Awesome

StormyCloud

Goal: Make it ridiculously easy to write simple distributed application in Ruby.

Installation

StormyCloud can be installed using RubyGems:

$ gem install stormy-cloud

Usage

Here's an example that will compute the sum of the squares of the first 1000 numbers:

require 'stormy-cloud'

StormyCloud.new("square_summation", "10.6.2.213") do |c|

  c.split { (1..1000).to_a }

  c.map do |t|
    sleep 2   # do some work
    t ** 2
  end

  c.reduce do |t, r|
    @sum ||= 0
    @sum += r
  end

  c.finally do
    puts @sum
  end

end

You must specify the three blocks, split, map and reduce. The finally block is optional, and will be called when the job is completed.

The split function must return an array of smaller sub-tasks which can be completed in parallel.

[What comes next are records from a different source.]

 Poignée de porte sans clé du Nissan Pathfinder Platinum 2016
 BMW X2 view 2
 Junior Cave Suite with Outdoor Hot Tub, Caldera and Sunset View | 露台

The map function must take one of these sub-tasks as input and return the result of the computation.

The reduce block is called once for each task and its result.

split, reduce and finally will be run on a central server, but map will be run on worker nodes.

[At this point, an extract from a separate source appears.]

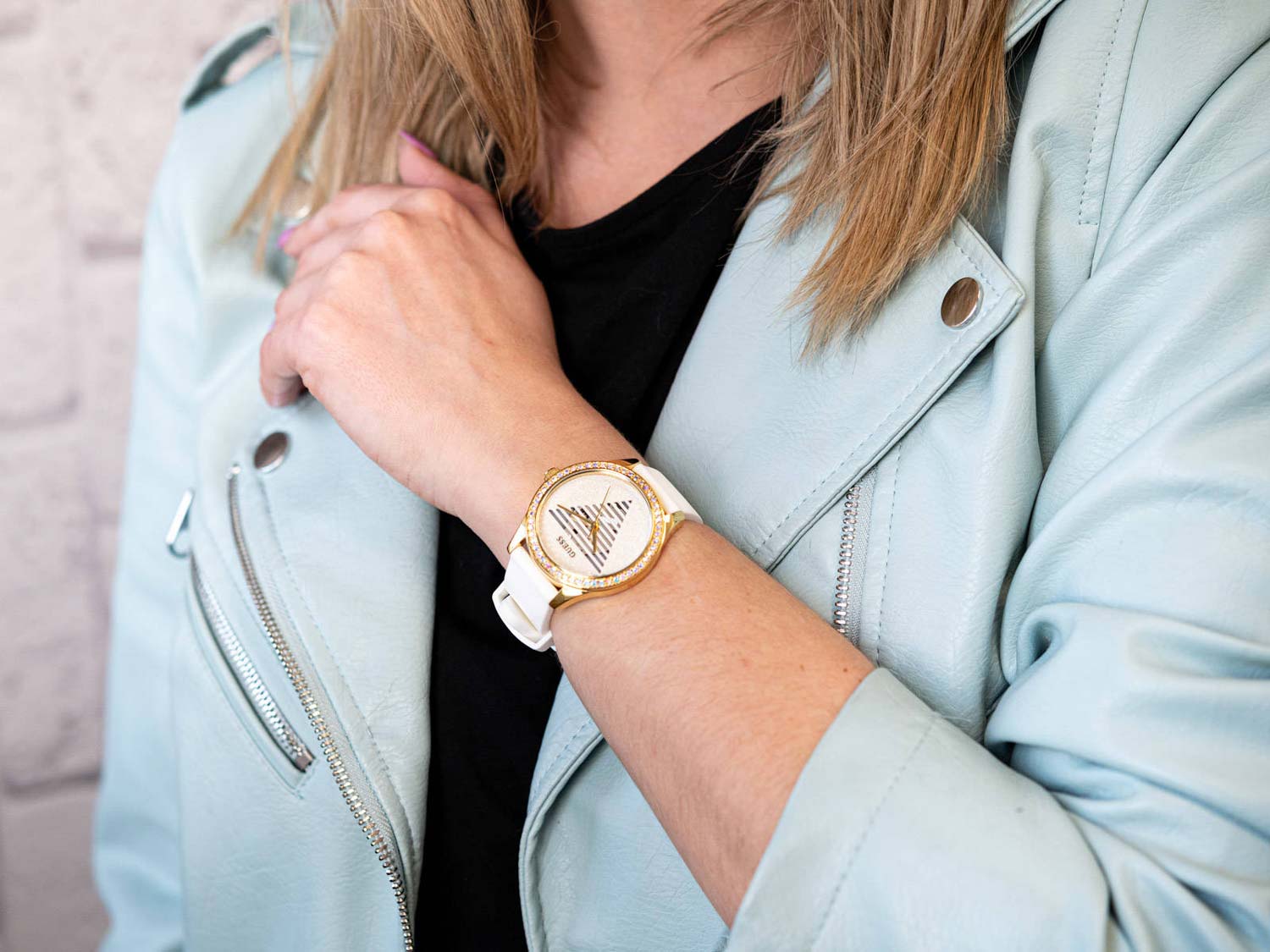 Guess Guess Lady Idol GW0530L6,  сша женские часы на браслете силикон боковой вид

The values returned by split, reduce and finally should be serializable to JSON.

Configuration

Some configuration variables can be set inside the block, as shown below:

StormyCloud.new("square_summation", "10.6.2.213") do |c|
  c.config :wait, 20
  c.config :port, 9861
  c.config :debug, true

  [...]
end

Currently, the only supported configuration variables are:

wait: Amount of time to wait for a result from the node before returning a task to the node.
port: When using the TCP transport, this is the TCP port used on the server.
debug: When this is set to true, the entire task will be run on a single machine sequentially.

Emit API

By default the reduce function is passed a key-value pair (t, r) where t is the original task and r is the value returned the the map function when it is called with the task t. In some cases, we require that the map function emit an arbitrary number of key-value pairs to be reduced. For that purpose it is possible to call emit inside the map function any number of times to emit arbitrary key-value pairs to be reduced.

For example:

c.map do |task|
  emit "key1", "value1"
  emit "key2", "value2"
end

If your map function calls the emit function then the default key-value pair of (task, return_value) will not be emitted.

Running a Job

Running a job is as simple as copying a file onto the nodes and running a command.

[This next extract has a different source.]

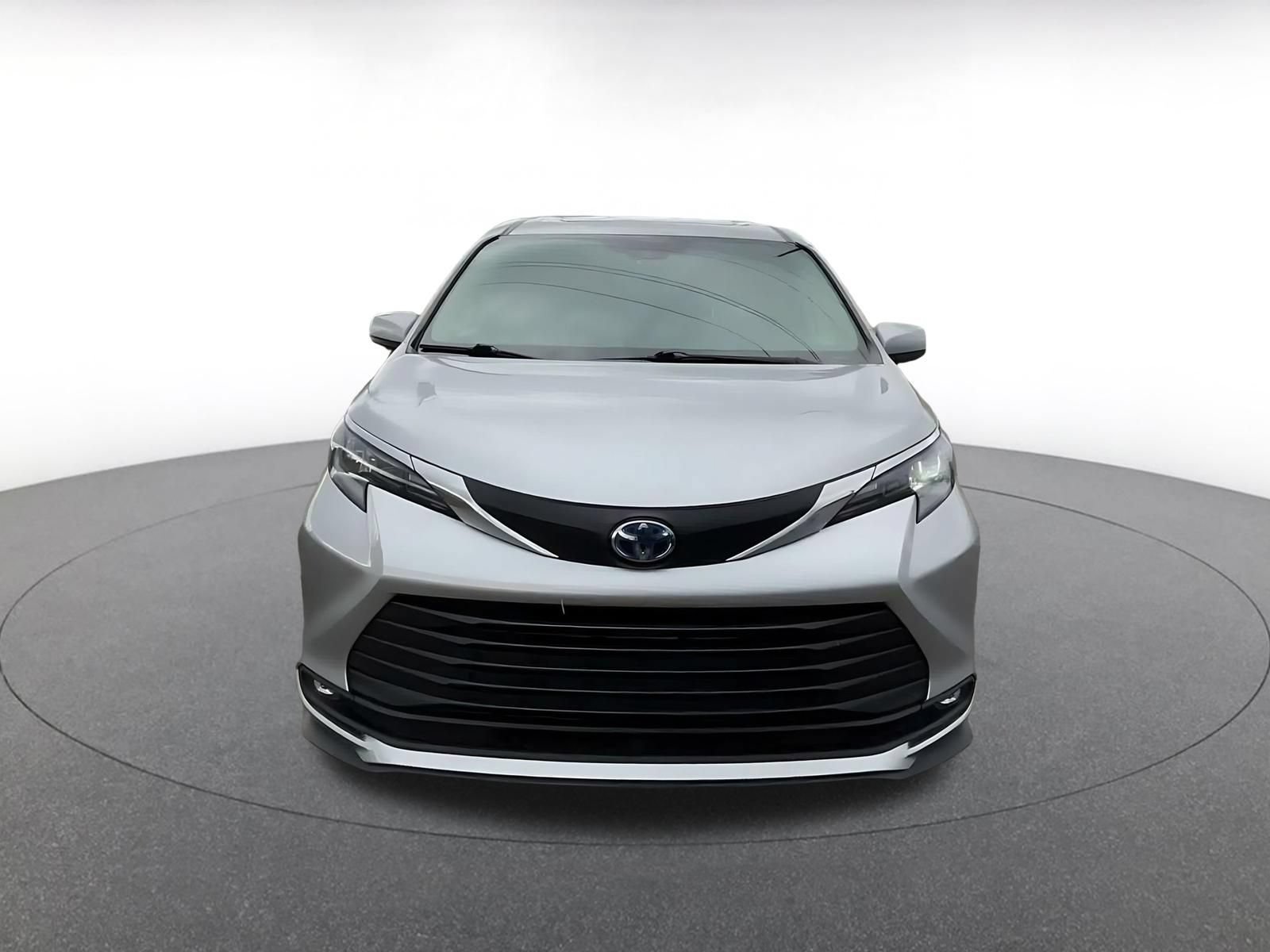 Used 2025 Toyota Sienna XLE FWD image 4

First, make sure that the machine that will act as the central server and the ones which will be nodes all have Ruby installed along with the gem. Also make sure the script contains the correct IP address of the actual server.

Start the server by running:

$ ruby job.rb server

Then log in to each of the nodes and run the following commands:

$ ruby job.rb node

When the server is run, a HTTP server will be spawned on that machine on port 4567, which can be used to track the progress of the job. It will show the connected nodes, currently assigned tasks the estimated time to completion.